## To do
Two lines in the listing below mark the span: one contains "Step 6: Complete" and one contains "Let's look at". Reproduce both of them and everything between, exactly.

## Given data
____________________

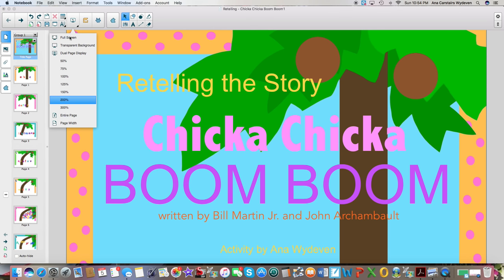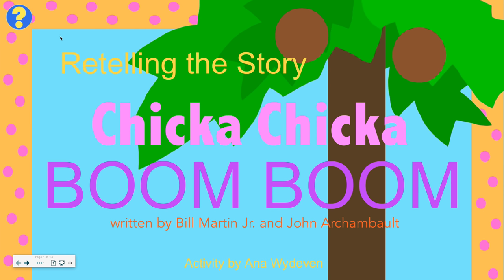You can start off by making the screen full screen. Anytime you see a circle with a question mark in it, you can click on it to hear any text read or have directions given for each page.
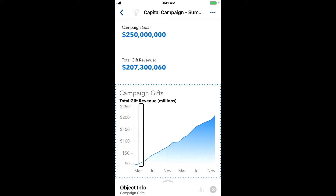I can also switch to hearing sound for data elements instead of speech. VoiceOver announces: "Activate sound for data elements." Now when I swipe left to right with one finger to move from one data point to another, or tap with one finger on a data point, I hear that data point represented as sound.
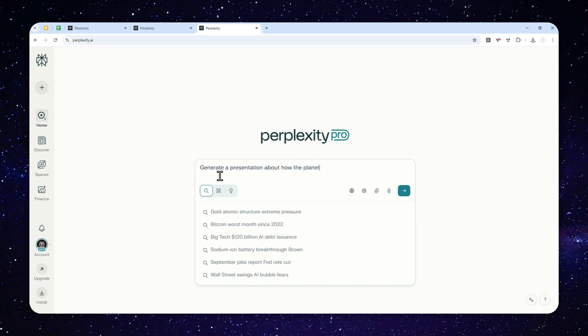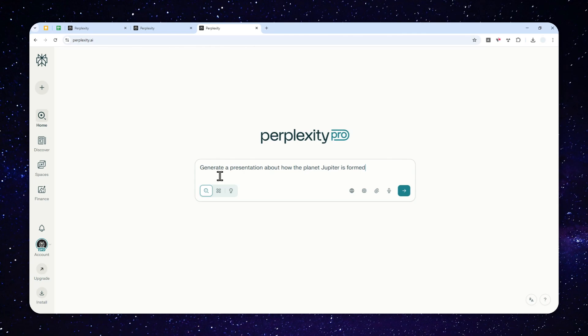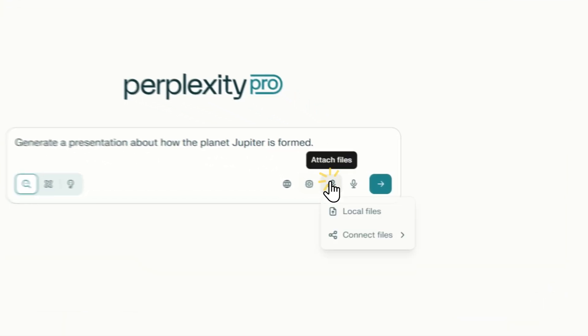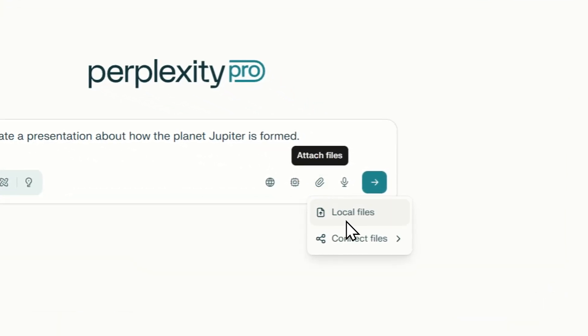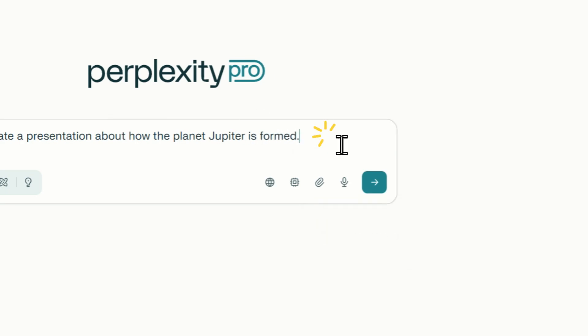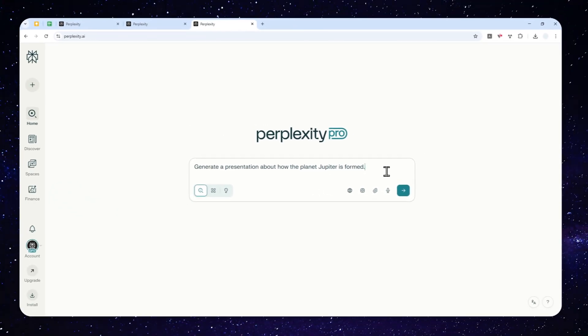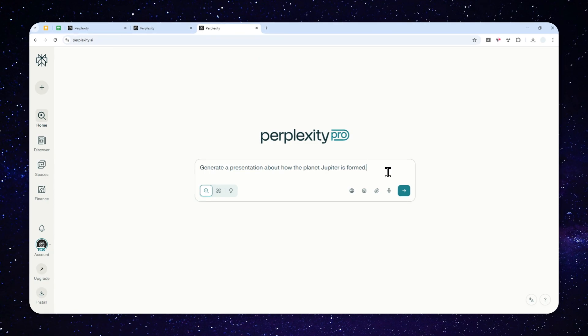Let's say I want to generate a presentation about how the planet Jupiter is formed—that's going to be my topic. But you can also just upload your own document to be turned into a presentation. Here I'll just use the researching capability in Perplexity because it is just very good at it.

____________________

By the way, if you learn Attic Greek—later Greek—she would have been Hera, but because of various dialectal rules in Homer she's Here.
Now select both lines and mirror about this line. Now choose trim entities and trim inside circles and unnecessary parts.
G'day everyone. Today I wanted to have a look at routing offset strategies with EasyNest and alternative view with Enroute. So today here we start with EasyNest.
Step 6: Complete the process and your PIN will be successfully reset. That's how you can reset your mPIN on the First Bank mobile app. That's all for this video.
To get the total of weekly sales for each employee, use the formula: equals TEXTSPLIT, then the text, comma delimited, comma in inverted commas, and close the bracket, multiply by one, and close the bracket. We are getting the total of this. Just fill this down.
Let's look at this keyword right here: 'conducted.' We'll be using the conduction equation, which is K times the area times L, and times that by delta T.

____________________

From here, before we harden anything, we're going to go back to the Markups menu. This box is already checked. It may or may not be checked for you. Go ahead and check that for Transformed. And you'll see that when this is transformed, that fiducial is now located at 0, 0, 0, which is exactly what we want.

____________________

## Task answer
Step 6: Complete the process and your PIN will be successfully reset. That's how you can reset your mPIN on the First Bank mobile app. That's all for this video.
To get the total of weekly sales for each employee, use the formula: equals TEXTSPLIT, then the text, comma delimited, comma in inverted commas, and close the bracket, multiply by one, and close the bracket. We are getting the total of this. Just fill this down.
Let's look at this keyword right here: 'conducted.' We'll be using the conduction equation, which is K times the area times L, and times that by delta T.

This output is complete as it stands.